Most middle-class retirees would doubt that high-net-worth clients have the same income worries as they do, but some of the issues are startlingly similar. On Oct. 11, the second day of the Think Retirement Income conference in Boston, Investment Advisor Editor-in-Chief John Sullivan moderated a fast RIA roundtable discussion with three Boston-area wealth advisors about meeting HNW clients’ retirement challenges.
Clients fall into two camps when it comes to retirement, said Barbara Attardo, partner at Daintree Advisors. Either the client is in good financial shape, or the income projections don’t work because the client’s spending is out of whack with their asset base.
“Some are headed for a train wreck,” Attardo said. “This summer I had my first zero projection.”
That’s when the conversation can become difficult. The best approach, she advised, is to “tell them what they need to know, not what they want to hear.” Many Baby Boomers are so caught up in their busy lives that they spend without thinking. It’s not just a matter of getting these clients to cut expenses and add to their nest egg; the challenge is to get them to rethink what they’re up to.
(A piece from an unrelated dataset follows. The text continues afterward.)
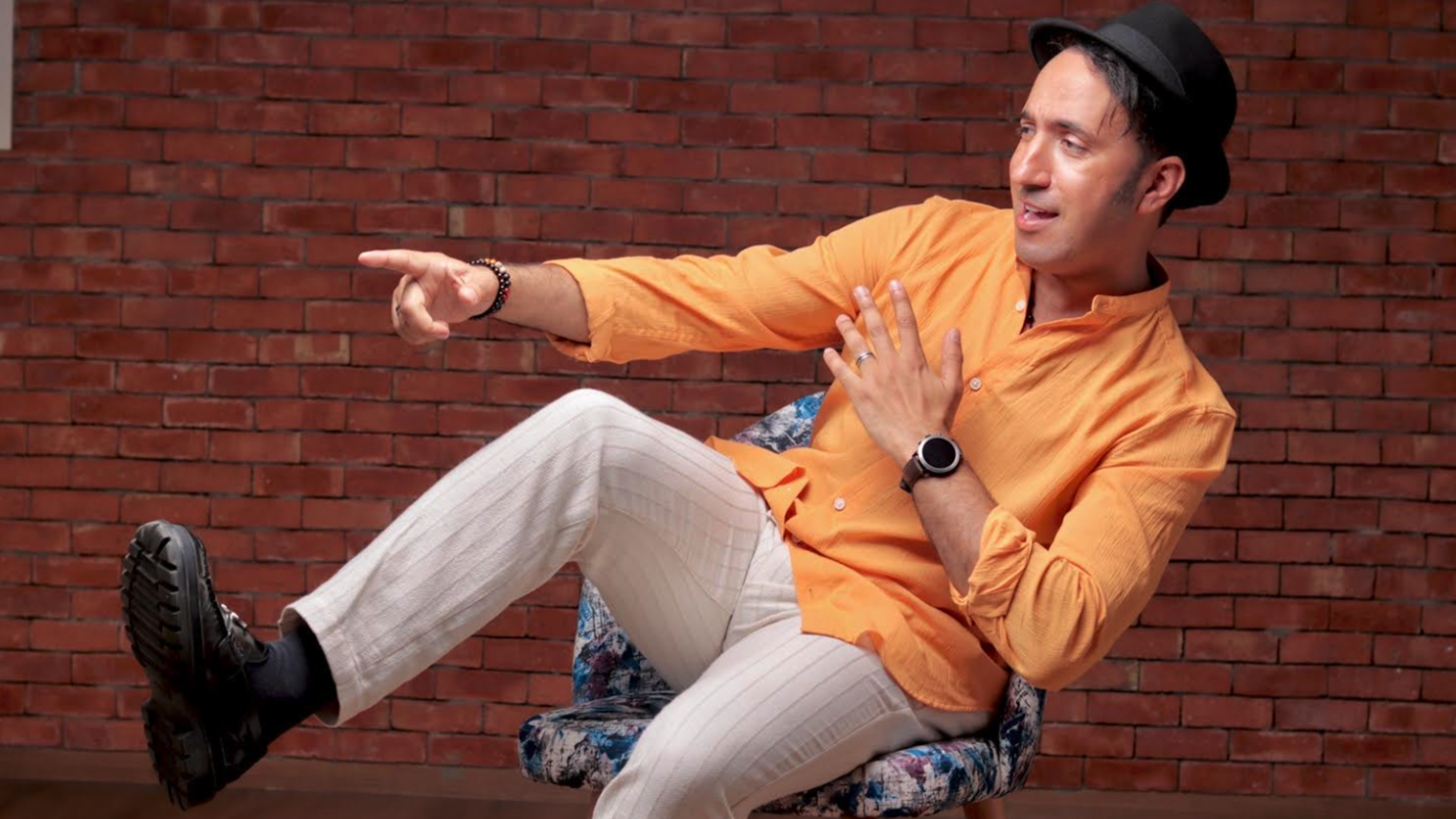 photo Ambiancez-vous avec « C'EST COMPLIQUÉ », le nouveau single détonant d'Issam Kamal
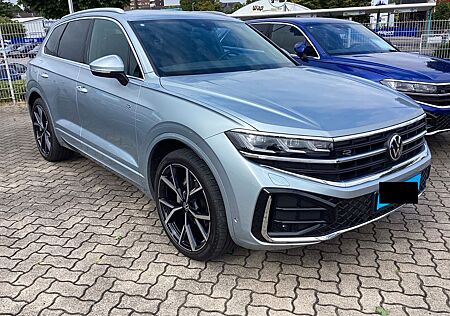 VW Touareg Volkswagen 3.0 TDI Tiptronic 4Motion R-Line Matrix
“Our business is helping clients get their financial life in balance,” Attardo said. “We try to give them a bigger perspective, to ‘see the forest’ with questions like ‘What does retirement look like for you? What are your goals? What are your action items?’ If the first base model is dismal, I’ll say, ‘You tell me what your priorities are.’” She avoids using words like “spending” or “budgeting,” and instead, “I talk about lifestyle.”
Tim Meckel, managing principal and chief compliance officer at TFC Financial Management, tagged “managing client expectations” as his top challenge. After years of earning often high income, clients often find it hard to transition to taking cash from a nest egg. Advisors need to explain the need to maintain purchasing power, and to discourage clients from taking big withdrawals just because the market is up. “We need to plug away on educate, educate, educate,” he said, making sure clients understand the purpose of each component of their portfolio.
One current challenge is educating clients on the role of alternative investments, said Charles “Chuck” Bean III, founder, president, and director of wealth management at Heritage Financial Services. When clients react “viscerally” to the unfamiliar recommendation, Bean’s response is to agree that stocks and bonds have done a fine job over the past 45 years. He then continues, “But adding more cylinders to the engine can give you a smoother ride,” and explains how alts’ low correlation can dampen volatility and enhance returns.
Attracting HNW Clients
“The expectation level goes up exponentially” with HNW clients, Bean said. “Prospects with $10 million are very sophisticated,” and initial conversations aren’t limited to the firm’s performance. He explained, “They drill down to your value proposition compared to competitors,” who they see not just as other RIAs but wirehouses with deep benches. “They want to know, ‘What’s your skill set?’ ‘Where do you think you can add value?’” In responding, Bean said, “we focus probably two-thirds on personal wealth management and one-third on investment management. It’s a high-touch, collaborative approach.”
He added, “We used to have a longer leash” to choose and manage investments. Now clients are “watching MSNBC, they’re very much ‘in the moment.’” Clients who used to care only about equities are now beginning to ask about Treasuries. “We need to expand our toolkit, and be able to explain how we add value.”
Meckel pointed out that as an advisor “swims upstream” in search of higher net worth, clients expect a “more comprehensive, collaborative approach.” TFC’s client team typically coordinates with the client’s banker, accountant, estate attorney and other advisors. “CPAs have been very appreciative that we’re proactive in reaching out to them, and it’s paid off in referrals,” he said.
Attardo seconded the point that RIAs must be prepared to handle more complexity to attract HNW clients. “We focus on what we do in addition to investments,” she said, explaining that in working with the client’s other advisors, “we’re often the quarterback. We take a horizontal approach when everyone else is vertical. Probably nobody knows better than we do what both the left hand and the right hand are doing.”
“You don’t want to lead with investment outperformance because that’s fleeting,” Meckel agreed. Besides, a good wealth advisor does much more than manage a portfolio. “We’ve thought about changing TFC’s name to ‘The Financial Counselors’ because so much of what we do is counseling,” he observed. TFC even hired an executive assistant with a Ph.D. in psychology to coach advisors on how to ask open-ended questions.